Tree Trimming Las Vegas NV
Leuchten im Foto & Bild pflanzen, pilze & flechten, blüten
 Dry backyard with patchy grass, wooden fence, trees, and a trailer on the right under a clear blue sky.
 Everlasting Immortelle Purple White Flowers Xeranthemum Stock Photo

◆ Your goal:
All the lines above must appear again in the answer, word for word.

◆ Worked solution:
Tree Trimming Las Vegas NV
Leuchten im Foto & Bild pflanzen, pilze & flechten, blüten
 Dry backyard with patchy grass, wooden fence, trees, and a trailer on the right under a clear blue sky.
 Everlasting Immortelle Purple White Flowers Xeranthemum Stock Photo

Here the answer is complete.